この退職願の提出を知った後の海洋局の対応は、次に述べるとおり極めて問題があり、その責任は免れない。
(ア)この事実を知れば、海洋局長は、服務監督の責任者として元幹部の借金の理由、その使途、返済の状況等を把握し、指導するとともにその後の生活実態や勤務状況等についても重大な関心を持って見守るべきであったが、それがなされていない。
その証拠に、現海洋局長は「10年4月の新旧海洋局長の事務引継にこの問題は出てこなかった。この問題を初めて知ったのは二度目の退職願が出された11年1月28日である」と言っている。
(イ)10年度に入ってから、高知商銀の職員が再三にわたり県庁の元県幹部のところに借金返済の督促に来たといわれているが、それでもこの事件に気付かなかった。
(ウ)10年9月下旬、元県幹部が県内水面種苗センターが県内水面漁業協同組合連合会に貸し付けた運転資金の一部1500万円を一時的に流用する事件が発生したが、この事件の処理をめぐる海洋局長等の対応にも問題がある。
(エ)10年10月下旬に元県幹部が須崎市の造船会社から1500万円を詐取し、詐欺罪で起訴された事件の管理監督責任がある。

カ 前副知事の責任
当委員会の調査によると、この問題に関する情報は前副知事に最も集中している。また、9年10月の事件把握後から12月に退職願が撤回されるまでの間にな されたと考えられる県としての対応方針の検討・決定も前副知事が最終の意思決定権者となって行ったものと思われる。その点からも、前副知事の対応・判断の 適否が重要なポイントであるが、前副知事の対応等には次のような問題があり、その責任は極めて重大である。
(ア)前副知事は、9年11月に商工労働部からこの事件の概要の報告を受けており、当時は違法性の認識はなかったとのことだが、もう少し詳細に聞けば違法性の認識もできたはずである。
(イ)9年12月に直接元県幹部から事情を聞いた際、金の使途として具体的な企業名を尋ねたが、その答えをもらっていない。

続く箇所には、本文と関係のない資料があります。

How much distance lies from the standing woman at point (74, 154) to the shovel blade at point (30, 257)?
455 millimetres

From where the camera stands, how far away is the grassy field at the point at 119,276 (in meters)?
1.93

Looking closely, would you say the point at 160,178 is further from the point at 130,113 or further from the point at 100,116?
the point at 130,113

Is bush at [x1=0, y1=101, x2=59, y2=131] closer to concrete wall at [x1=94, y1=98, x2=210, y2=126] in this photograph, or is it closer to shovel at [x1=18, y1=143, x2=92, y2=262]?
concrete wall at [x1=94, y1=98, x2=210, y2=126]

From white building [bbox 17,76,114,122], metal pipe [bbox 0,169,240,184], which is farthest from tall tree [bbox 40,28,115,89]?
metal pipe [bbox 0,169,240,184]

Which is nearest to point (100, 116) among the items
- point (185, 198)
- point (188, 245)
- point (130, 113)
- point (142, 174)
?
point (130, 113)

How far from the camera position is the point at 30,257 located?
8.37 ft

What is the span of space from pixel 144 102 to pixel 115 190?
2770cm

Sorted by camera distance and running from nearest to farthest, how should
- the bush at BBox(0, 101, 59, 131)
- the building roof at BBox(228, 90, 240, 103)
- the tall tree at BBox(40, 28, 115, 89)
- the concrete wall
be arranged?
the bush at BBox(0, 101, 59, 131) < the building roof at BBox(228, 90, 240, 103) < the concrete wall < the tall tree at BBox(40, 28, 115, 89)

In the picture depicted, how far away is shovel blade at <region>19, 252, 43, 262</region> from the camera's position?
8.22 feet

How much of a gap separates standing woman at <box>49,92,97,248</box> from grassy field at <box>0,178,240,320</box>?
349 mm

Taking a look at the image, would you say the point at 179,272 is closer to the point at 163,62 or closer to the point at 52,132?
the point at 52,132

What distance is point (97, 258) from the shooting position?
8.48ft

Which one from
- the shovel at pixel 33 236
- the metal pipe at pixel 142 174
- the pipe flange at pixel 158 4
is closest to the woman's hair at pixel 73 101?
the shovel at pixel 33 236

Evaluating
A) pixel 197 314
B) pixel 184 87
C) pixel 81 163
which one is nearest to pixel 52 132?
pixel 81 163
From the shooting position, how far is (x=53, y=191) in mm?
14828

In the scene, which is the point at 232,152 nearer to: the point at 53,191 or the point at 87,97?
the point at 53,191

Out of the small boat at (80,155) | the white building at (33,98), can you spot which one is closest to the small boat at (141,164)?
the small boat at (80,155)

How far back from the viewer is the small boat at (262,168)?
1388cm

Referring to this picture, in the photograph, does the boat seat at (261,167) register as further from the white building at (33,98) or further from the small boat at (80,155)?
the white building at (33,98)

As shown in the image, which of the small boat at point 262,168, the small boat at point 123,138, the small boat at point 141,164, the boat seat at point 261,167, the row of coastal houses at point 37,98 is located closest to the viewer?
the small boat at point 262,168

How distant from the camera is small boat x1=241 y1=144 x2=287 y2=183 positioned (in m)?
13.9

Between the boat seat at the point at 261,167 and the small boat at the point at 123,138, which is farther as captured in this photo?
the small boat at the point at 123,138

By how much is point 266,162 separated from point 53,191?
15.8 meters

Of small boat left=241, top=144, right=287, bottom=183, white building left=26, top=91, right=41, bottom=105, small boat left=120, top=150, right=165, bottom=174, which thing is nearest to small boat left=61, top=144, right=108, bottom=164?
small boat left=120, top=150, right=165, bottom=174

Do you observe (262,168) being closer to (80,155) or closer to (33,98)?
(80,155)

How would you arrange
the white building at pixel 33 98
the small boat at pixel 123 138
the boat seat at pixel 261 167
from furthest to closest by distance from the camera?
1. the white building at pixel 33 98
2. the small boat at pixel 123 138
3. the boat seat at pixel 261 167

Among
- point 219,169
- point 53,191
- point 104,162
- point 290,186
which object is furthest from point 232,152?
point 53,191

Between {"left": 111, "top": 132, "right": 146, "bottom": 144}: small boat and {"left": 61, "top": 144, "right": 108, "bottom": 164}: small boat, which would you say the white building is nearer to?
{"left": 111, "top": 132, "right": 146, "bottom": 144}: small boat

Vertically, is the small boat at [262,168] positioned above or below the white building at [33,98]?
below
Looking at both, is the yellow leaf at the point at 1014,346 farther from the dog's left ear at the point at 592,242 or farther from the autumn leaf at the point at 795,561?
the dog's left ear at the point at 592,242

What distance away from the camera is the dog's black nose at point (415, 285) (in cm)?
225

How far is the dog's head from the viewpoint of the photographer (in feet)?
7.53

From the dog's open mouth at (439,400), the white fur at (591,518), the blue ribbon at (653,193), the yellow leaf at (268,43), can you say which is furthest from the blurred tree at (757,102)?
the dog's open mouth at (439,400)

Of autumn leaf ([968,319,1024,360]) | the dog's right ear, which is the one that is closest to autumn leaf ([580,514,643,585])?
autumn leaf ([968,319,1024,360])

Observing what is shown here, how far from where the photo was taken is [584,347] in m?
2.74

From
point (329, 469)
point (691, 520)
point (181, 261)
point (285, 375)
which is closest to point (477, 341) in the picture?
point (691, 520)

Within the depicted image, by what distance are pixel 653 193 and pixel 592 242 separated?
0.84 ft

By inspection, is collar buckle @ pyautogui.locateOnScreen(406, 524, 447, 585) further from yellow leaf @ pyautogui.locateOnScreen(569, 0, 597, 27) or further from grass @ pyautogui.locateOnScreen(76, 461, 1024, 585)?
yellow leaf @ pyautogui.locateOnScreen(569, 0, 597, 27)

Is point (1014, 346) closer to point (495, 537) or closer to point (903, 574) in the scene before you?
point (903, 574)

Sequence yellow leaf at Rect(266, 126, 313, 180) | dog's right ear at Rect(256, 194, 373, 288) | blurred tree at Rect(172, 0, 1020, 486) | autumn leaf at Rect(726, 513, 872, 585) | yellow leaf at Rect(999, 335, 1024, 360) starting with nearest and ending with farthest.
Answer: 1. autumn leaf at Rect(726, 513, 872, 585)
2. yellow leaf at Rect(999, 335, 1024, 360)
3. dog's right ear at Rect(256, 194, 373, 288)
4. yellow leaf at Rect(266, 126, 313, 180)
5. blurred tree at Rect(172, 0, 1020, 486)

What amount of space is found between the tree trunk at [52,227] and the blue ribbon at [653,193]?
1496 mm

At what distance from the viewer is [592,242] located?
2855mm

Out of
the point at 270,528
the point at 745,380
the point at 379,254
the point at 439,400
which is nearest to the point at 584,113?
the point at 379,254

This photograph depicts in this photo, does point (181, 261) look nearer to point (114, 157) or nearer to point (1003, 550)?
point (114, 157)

疑問に思うのが普通だと思うが、「彼なら返せる」と信頼したという説明はいかにも不自然である。
(ウ)副知事ならば、関係部局からの報告や本人の事情聴取等から知り得た情報で、この事件は地方公務員法違反の信用失墜行為であり、当然懲戒処分の対象になると判断し、対応を指示すべきであった。

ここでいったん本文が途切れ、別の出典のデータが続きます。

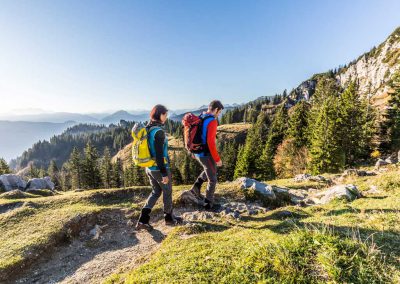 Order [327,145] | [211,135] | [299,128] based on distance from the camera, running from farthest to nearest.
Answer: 1. [299,128]
2. [327,145]
3. [211,135]

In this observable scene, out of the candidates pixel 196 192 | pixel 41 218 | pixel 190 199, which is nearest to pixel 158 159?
pixel 190 199

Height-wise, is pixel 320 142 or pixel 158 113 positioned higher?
pixel 158 113

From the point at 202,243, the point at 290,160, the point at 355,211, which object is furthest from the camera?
the point at 290,160

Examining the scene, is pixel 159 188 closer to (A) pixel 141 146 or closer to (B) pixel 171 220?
(B) pixel 171 220

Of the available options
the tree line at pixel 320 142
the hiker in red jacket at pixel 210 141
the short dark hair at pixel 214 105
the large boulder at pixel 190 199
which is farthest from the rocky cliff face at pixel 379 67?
the hiker in red jacket at pixel 210 141

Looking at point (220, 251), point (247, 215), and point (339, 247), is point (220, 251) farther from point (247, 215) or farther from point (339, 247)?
point (247, 215)

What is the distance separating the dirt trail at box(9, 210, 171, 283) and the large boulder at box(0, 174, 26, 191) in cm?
2194

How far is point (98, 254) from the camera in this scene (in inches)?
267

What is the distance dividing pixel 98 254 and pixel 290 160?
42276 millimetres

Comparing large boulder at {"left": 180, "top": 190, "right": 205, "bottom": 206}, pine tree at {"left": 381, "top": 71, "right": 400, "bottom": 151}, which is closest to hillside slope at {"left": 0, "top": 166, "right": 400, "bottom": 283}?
large boulder at {"left": 180, "top": 190, "right": 205, "bottom": 206}

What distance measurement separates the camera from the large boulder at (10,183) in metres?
23.1

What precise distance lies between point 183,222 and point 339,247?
541 cm

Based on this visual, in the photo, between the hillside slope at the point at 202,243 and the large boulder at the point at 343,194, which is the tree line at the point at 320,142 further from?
the large boulder at the point at 343,194

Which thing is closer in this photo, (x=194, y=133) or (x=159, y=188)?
(x=159, y=188) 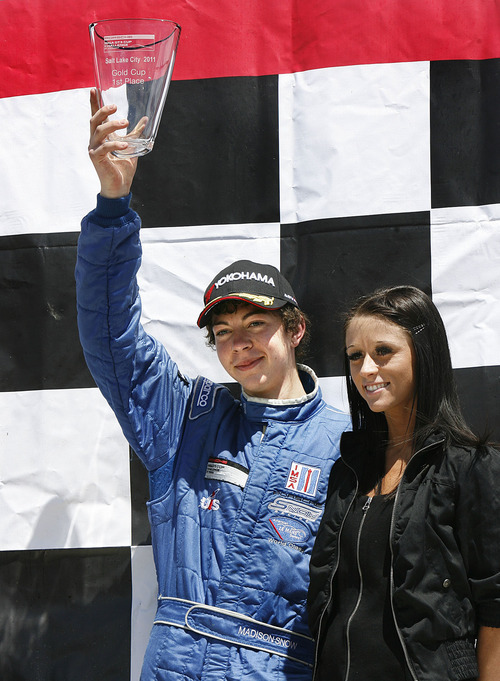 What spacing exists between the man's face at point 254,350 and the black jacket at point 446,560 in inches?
17.9

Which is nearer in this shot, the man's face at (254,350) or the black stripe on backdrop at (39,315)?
the man's face at (254,350)

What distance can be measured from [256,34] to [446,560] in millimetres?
1327

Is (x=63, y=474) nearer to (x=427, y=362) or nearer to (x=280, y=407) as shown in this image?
(x=280, y=407)

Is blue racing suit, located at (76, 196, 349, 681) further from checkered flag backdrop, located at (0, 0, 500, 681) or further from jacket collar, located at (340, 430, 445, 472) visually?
checkered flag backdrop, located at (0, 0, 500, 681)

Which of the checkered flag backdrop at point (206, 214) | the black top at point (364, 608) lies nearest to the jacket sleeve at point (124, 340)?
the checkered flag backdrop at point (206, 214)

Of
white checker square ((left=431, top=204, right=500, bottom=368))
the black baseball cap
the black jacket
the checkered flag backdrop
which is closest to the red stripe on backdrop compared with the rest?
the checkered flag backdrop

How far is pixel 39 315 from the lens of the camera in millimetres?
Result: 1986

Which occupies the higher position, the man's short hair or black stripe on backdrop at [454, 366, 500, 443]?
the man's short hair

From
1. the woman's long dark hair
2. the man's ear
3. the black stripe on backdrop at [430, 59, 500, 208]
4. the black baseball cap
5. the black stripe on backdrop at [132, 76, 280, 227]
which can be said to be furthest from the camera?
the black stripe on backdrop at [132, 76, 280, 227]

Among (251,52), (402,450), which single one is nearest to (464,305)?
(402,450)

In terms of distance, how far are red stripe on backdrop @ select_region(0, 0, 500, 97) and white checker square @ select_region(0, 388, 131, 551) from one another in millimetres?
797

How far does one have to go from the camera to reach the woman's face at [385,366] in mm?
1297

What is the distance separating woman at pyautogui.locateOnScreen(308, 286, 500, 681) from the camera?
3.71 ft

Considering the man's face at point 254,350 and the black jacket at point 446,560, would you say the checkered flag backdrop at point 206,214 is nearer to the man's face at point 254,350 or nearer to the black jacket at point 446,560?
the man's face at point 254,350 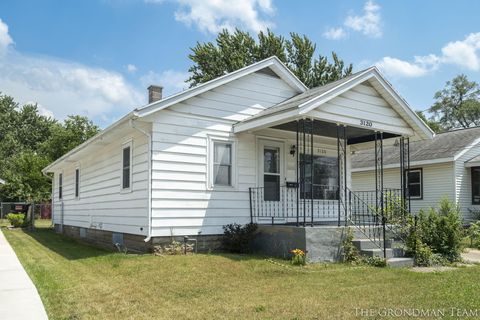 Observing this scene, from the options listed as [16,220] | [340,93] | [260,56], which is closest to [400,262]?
[340,93]

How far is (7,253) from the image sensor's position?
1246 centimetres

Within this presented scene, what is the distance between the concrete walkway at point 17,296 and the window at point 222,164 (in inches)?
188

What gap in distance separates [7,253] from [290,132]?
27.9 feet

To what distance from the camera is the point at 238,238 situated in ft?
35.5

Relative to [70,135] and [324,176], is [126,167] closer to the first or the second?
[324,176]

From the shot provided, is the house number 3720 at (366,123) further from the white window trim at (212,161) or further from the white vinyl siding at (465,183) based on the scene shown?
the white vinyl siding at (465,183)

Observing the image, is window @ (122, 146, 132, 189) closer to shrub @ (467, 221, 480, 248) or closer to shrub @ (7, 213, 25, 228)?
shrub @ (467, 221, 480, 248)

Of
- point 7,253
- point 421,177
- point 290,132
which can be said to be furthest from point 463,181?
point 7,253

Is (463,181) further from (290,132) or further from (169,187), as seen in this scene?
(169,187)

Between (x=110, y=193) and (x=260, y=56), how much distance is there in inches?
981

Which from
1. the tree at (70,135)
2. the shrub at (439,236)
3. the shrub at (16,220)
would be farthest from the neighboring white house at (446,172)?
Result: the tree at (70,135)

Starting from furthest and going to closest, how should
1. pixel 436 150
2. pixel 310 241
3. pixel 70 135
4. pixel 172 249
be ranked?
pixel 70 135 < pixel 436 150 < pixel 172 249 < pixel 310 241

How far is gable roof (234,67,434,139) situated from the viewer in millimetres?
9844

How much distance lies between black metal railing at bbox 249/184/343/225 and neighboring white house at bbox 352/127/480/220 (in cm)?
838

(エ)しかるに、前副知事は事務の最高責任者として、「まずは本人から返さすこと」という県としての方針を決めたと思われるが、この方針は明らかに判断ミスであり、以後の対応方針に大きな影響を与えてしまった。
(オ)また、退職願の撤回を認めることによって、以後責任体制があいまいになった。このような重要な事件については、知事に直ちに詳細な内容を報告し、知 事の判断を仰ぐべきであるが、それが十分でない。むしろ、知事に対し「あとは私にお任せください」と以後の処理を引き受けておきながら、適切な対応をして いない。

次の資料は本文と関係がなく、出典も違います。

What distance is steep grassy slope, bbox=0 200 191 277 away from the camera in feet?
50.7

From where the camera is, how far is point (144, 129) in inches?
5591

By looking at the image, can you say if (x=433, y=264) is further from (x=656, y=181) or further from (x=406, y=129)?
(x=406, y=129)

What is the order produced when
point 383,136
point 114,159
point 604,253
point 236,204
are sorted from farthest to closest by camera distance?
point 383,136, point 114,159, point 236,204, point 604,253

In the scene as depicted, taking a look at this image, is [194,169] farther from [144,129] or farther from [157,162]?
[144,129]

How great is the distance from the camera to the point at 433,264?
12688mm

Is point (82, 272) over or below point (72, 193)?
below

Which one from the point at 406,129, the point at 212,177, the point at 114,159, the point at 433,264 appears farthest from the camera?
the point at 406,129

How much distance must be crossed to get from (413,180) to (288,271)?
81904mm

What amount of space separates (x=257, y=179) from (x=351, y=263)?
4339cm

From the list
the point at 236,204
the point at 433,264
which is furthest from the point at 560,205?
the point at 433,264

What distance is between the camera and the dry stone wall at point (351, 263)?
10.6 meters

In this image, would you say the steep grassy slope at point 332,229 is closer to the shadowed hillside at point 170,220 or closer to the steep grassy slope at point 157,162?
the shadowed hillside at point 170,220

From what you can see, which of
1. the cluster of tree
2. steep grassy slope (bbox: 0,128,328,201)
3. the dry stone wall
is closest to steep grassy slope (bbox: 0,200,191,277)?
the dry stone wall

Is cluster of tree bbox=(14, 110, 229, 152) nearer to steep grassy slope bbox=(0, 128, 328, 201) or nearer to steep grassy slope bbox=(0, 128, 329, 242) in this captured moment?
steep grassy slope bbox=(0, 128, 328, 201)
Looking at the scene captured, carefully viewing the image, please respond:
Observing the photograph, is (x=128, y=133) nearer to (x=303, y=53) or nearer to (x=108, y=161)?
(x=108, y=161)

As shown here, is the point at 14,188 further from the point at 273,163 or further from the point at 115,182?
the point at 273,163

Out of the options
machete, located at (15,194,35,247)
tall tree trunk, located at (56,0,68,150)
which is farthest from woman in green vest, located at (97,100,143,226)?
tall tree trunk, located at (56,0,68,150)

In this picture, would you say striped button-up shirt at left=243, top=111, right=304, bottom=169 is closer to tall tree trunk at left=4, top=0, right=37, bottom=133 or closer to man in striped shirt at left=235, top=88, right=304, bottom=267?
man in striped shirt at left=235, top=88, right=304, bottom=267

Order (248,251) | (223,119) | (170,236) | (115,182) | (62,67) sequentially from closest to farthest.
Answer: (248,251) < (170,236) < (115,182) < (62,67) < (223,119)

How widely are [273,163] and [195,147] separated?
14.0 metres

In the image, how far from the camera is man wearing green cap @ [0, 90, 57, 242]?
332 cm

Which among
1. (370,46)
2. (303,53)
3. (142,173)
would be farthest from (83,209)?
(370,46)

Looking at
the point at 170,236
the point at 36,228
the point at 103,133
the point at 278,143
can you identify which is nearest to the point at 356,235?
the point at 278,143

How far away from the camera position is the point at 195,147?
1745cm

(カ)このように以後の処理責任を自ら引き受けながら、10年4月の新旧副知事の交替の際、この事件の文書による明確な引継をしていない。そのことが以後の新副知事の対応にも大きな影響を与えてしまった。

キ 現副知事の責任
現副知事は、10年4月1日の就任であり、9年10月から12月までの重要な決定には全く関知していない。
しかしながら、副知事就任後、事務の引継や事件の進行管理等において次のような多くの問題を抱えており、その責任は極めて重大である。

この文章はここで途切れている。